The Doctor przyznał, że w ogóle nie był w stanie wyczuć odpowiednich ustawień motocykla, a potem został przyblokowany podczas próby uzyskania lepszego rezultatu na okrążeniu.
„To był trudny dzień dla wszystkich zawodników Yamahy, zwłaszcza dla tego, że mieliśmy trudności z wyczuciem przodu motocykla i odpowiednim dogrzaniem przedniej opony. Miękka mieszanka również jest nieco za twarda i nie mieliśmy na tyle zaufania aby jechać na maksa.” – powiedział Rossi.
„Tego popołudnia miałem też inny problem. Pozostali trochę mnie przyblokowali i nie byłem w stanie wykonać okrążenia na 100 procent. W rzeczywistości jestem bardzo daleko w tyle. Mamy nadzieję, że jutro i w niedzielę będzie lepsza temperatura i trochę więcej słońca, co może nam bardzo pomóc.” – dodał #46.
Dla Jorge Lorenzo dzisiejszy dzień nie zaczął się najlepiej. #99 przewrócił się podczas pierwszego wolnego treningu i nie był w stanie odzyskać zaufania do motocykla podczas popołudniowej sesji treningowej na niemieckim obiekcie.

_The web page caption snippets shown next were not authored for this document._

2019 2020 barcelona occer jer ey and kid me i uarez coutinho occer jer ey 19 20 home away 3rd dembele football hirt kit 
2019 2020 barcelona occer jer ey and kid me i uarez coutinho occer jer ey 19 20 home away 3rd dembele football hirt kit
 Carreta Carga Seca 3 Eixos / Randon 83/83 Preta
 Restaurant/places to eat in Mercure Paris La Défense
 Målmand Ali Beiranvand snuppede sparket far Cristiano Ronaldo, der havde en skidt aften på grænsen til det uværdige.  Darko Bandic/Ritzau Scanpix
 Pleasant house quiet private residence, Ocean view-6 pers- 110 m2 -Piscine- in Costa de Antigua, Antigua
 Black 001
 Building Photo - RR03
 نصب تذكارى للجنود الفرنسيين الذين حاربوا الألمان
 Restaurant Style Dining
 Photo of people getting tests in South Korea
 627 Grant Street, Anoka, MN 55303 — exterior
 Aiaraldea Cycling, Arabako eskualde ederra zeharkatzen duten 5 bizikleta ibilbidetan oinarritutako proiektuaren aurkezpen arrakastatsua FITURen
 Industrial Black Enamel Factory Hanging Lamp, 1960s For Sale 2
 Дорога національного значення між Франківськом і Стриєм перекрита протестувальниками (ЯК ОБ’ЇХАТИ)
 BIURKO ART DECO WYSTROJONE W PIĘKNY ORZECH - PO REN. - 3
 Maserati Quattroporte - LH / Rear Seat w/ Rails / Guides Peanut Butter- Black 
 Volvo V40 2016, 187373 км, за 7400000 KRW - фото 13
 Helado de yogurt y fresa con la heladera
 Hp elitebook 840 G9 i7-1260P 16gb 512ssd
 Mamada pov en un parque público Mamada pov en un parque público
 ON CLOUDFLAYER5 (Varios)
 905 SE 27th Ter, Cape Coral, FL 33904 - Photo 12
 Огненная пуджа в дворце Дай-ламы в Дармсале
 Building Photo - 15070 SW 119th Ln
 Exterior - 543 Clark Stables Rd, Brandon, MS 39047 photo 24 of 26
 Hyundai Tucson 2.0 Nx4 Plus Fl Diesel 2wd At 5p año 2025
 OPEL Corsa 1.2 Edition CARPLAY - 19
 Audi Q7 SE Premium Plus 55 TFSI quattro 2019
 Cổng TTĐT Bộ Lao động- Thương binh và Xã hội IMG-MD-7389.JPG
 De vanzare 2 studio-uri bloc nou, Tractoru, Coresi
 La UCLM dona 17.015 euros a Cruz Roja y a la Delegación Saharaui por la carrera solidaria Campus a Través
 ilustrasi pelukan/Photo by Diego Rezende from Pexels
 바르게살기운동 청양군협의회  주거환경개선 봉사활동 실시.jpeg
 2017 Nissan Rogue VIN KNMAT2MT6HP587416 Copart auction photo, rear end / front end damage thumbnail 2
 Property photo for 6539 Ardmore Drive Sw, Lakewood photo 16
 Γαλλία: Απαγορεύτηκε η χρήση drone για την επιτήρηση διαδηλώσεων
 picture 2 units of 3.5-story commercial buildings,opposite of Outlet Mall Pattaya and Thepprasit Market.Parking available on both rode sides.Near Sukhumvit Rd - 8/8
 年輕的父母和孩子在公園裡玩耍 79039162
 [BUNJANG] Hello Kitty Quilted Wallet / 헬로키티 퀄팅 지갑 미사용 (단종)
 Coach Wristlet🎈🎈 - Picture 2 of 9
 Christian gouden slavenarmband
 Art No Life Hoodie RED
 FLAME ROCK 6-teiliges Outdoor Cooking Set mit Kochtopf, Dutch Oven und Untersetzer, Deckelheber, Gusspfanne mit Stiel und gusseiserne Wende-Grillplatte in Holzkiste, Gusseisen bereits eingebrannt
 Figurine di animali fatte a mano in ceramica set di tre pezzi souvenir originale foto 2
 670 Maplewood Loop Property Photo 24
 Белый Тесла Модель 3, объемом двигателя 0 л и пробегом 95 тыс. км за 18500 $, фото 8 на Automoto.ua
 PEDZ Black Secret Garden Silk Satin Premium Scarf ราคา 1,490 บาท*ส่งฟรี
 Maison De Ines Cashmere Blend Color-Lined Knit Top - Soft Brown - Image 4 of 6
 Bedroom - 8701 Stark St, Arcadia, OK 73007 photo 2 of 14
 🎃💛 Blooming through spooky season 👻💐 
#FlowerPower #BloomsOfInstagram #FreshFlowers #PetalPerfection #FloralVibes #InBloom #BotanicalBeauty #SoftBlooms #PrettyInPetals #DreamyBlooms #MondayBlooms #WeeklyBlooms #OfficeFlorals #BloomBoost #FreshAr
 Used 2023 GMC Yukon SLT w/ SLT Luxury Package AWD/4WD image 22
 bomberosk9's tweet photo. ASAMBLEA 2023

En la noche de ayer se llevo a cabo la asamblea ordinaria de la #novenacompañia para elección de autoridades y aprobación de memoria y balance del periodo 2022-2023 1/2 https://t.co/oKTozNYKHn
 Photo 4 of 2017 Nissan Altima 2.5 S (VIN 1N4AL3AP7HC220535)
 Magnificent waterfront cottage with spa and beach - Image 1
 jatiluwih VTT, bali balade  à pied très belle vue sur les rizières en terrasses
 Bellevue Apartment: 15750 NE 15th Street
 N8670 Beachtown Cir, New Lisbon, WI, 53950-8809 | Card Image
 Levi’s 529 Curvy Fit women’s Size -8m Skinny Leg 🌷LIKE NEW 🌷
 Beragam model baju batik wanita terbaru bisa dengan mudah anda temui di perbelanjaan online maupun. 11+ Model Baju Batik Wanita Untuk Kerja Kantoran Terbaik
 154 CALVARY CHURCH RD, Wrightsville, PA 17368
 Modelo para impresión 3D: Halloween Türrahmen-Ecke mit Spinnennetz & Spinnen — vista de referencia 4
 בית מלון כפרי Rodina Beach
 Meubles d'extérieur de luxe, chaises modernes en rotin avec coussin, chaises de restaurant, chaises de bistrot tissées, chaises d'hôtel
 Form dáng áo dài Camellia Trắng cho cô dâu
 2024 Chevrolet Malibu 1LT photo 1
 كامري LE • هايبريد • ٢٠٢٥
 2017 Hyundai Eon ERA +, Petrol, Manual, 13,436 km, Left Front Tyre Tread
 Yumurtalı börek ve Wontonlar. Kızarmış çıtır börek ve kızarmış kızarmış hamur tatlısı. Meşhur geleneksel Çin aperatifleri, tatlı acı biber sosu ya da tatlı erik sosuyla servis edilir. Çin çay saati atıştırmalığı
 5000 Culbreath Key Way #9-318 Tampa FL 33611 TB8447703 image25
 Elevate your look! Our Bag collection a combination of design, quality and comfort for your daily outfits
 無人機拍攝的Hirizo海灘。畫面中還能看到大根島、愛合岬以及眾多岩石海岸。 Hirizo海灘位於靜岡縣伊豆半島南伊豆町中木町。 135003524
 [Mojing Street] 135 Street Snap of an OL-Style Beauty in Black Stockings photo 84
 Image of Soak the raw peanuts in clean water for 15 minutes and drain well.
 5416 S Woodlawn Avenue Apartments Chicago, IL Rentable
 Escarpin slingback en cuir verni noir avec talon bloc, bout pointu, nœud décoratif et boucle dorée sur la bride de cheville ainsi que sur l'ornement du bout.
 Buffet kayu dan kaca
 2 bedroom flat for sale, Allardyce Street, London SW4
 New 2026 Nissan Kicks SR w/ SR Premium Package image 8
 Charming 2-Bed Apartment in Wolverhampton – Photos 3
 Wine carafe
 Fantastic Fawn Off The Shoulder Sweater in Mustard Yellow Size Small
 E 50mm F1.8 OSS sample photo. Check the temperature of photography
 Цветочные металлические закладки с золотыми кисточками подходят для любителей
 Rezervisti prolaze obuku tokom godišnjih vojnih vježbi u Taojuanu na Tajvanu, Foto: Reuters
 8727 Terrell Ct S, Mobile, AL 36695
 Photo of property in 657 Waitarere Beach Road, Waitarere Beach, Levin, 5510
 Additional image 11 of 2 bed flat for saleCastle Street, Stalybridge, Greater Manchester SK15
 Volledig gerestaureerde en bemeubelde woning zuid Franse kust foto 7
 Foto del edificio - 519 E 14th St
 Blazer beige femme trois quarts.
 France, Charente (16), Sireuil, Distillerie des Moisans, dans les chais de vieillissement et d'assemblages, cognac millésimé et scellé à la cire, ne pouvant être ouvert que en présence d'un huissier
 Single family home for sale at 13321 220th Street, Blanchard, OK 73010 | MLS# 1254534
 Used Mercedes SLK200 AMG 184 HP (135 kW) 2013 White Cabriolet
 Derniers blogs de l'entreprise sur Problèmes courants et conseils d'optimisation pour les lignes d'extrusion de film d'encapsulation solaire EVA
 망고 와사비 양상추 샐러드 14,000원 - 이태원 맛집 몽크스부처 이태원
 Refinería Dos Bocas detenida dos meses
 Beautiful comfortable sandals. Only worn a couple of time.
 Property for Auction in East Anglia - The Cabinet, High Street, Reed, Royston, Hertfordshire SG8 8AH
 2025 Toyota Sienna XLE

„Wygląda na to, że warunki nie są najlepsze.” – powiedział Hiszpan. – „Jest zimno i ślisko i trzeba uważać na opony. Dziś rano miałem wywrotkę i tak szczerze mówiąc, nie potrafiłem po tym odzyskać zaufania do motocykla w zakrętach. Podczas przejazdu przez każdy zakręt toru czułem, że jadę naprawdę wolno.”
„W takich warunkach wszyscy zawodnicy Yamahy muszą walczyć, ale ja jestem jednym z najwolniejszych. Zobaczymy czy uda nam się poprawić naszą szybkość. Moja kondycja fizyczna po wywrotce jest OK i nie będzie z tym problemu w niedzielę.” – zakończył Lorenzo.